Oh you guys that is just too much!!!!!! When I got married I was sooo spaced out from the night before..We went to a casino after and my hub and I still had our wedding clothes on..I saw this guy standing there in his tux..I went up to him and stood there just a yacking at him..He walked away..I was mad..Hey whats up I said..OMG it was another wedding couple..Not my hub but he was cute too....Oh I was very red in the face....lol
That's hilarious! I did something like that when I was very young and not addicted to anything. Was walking along in Circus Circus with my now ex and we stopped to look at something..then I put my arm I. His and started walking again chatting about all the cool stuff. When I stopped for a second I looked up and said Hey, your not my hisband! The man responded, No but its been fun walking with you. He started laughing and I turned to look baci and find my ex laughing and pointing at me. So embarrassing!

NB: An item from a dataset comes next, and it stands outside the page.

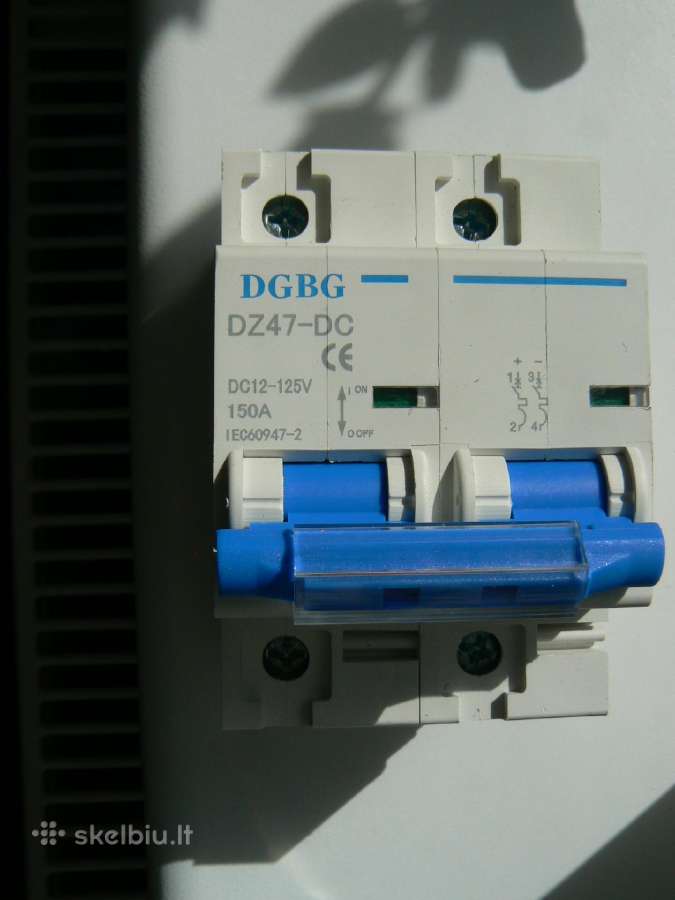 Automatinis Dc 150a Saugiklis - nuotraukos Nr. 4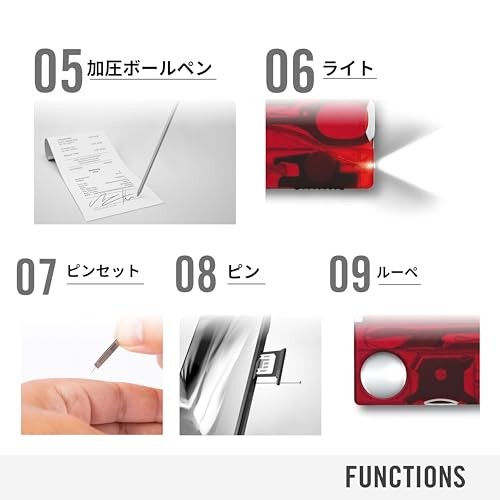 Victorinox SwissCard Light Translucent Red Multi Tool 0.7300.T R8070701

Oh good lord addict!!! Now that is a classic!!!!! lol
My wife and I were in the grocery store one evening and she was looking for a particular item, as usual I was trying to hurry her along. I put my arm around her waist and started directing her down the isle, said something like "come on sweet stuff" and gave her a light pat on her backside But I had grabbed the wrong lady! My wife was still knelt down looking for cream of tarter or something.
She and the other couple just about laughed me out of the store!
They were good natured about it all, but it was emarassing!
Now we are just old bats!!! lol
I was at a second hand store looking at curtains for my room I was repainting. I couldn't make up my mind, so I went out to my car to get a quart sized can of it to match up. I picked which curtains I liked best, started to head back to put the other set back and suddenly realized I left my paint can in the Home Depot bag on the counter up front.....this is where it gets good...
I turned around immediately (which was nano seconds) headed back to counter and my plastic bag and paint can was gone! The gal asked what was wrong, I told her. She runs out in parking lot to check to see if someone picked it up. Another clerk starts checking around and another starts to go back to see if someone turned it in. Meanwhile I'm clucking like a mad hen saying "who would steal a small can of paint", "that just pisses me off", "what would someone do with a quart of special paint", "I just bought that: etc. Then I tell the clerk "well, I will just pay for this curtain". She looks at me and says "does it look like that paint can hanging off your arm?" OMG! I forgot I had looped the bag handles over my arm while carrying my purse and curtains. I laid my head on the counter and started laughing. The clerk says "I think you are ready to go home". LOL! Wowsa!